Imprimiendo Recuerdos

   

   Últimamente estamos desarrollando proyectos y actividades dirigidos a la difusión y divulgación de la imprenta tipográfica, mediante talleres, conferencias, ferias, etc... Por lo que nuestra respuesta a la propuesta que nos hicieron los responsables del Centro María Zayas de Belicena (Granada), sobre la posibilidad de organizar un taller dirigido a los residente en este centro con motivo del Día Mundial del Alzheimer 2014, no fue otra que la de aceptar.

   Para la ocasión, la Imprenta Artesanal Marvel imprimió un cartel tipográfico con una tirada de seis ejemplares y del que se hicieron fotocopias para difundir la actividad entre residente y familiares.

     Nunca antes habíamos trabajado con mayores, por lo que ni nos imaginábamos que aquellas mujeres y hombres pudieran aportarnos tanto. Se acercaban con timidez y recelo ante tanto objeto extraño, pero en cuanto les invitábamos a que fueran cogiendo las letras de las distintas cajas para componer sus recuerdos, la timidez se trasmutaba en curiosidad ante los tipos de madera, y el recelo en asombro cuando les animábamos a fueran ellos los que realizaran la impresión en la sacapruebas, resultaba entrañable ver la ilusión en sus caras al ver sus recuerdos impresos. Esta claro que la imprenta tipográfica mantiene intacta la magia  después de más de 560 años de vida.

   Siendo el Alzheimer un desorden progresivo, degenerativo e irreversible del cerebro que causa debilitación, desorientación y la muerte intelectual de la persona que lo padece, era imprescindible intentar recuperar los recuerdos entre quienes aun los mantiene y dejarlos impresos con tipos móviles.

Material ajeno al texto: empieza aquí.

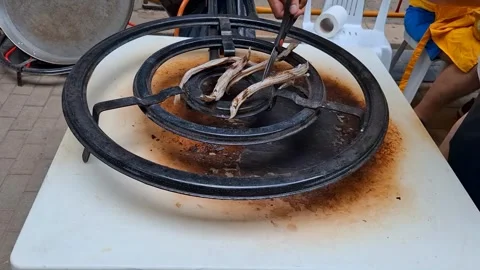 Frying eels on an electric stove stab Stock Footage 337355287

    De manera que durante todo el día los residentes estuvieron componiendo con sus propias manos esos recuerdos utilizando para ello antiguos tipos de madera, que luego fuimos imprimiendo en una sacapruebas. Una vez impresas las hojas de papel fueron colocadas en el “Muro de los Recuerdos” para que de este modo, tanto residentes como visitantes, pudieran realizar un ejercicio de  memoria colectivo recordando su significado y compartiéndolo entre ellos.

 
   Ahora que la imprenta digital está haciendo que los antiguos sistemas de impresión estén dejando de formar parte del imaginario colectivo, queríamos reivindicar la vigencia de este antiguo oficio uniéndolo a los recuerdos de nuestros mayores en un intento de hacer perdurar su memoria y la de la imprenta tipográfica.


   No quiero concluir esta reseña sin agradecer a todo el personal del Centro María Zayas, con su directora a la cabeza, la amabilidad, colaboración y facilidades para llevar a cabo este magnífico taller.



jueves, 4 de septiembre de 2014

Manuel Serrat Crespo (1942-2014)

     El primer trabajo tipográfico que con pretensión de serlo realizamos en la Imprenta Artesanal Marvel fue un librito titulado 12 Haykus de Manuel Serrat Crespo. Un autor nacido en Barcelona y que debió de resultar un gran desconocido para la mayoría de los visitantes del blog, pero que en realidad era una personalidad en el mundo literario desde hacía muchos años, no solo como poeta y escritor, que lo era y bueno, sino como divulgador de la cultura de países del África francófona y sobre todo como traductor del francés, el hecho de que fuera condecorado como Caballero de las Artes y las Letras francesas, y nombrado miembro de honor del Consejo Europeo de Traductores Literarios no deja lugar a dudas.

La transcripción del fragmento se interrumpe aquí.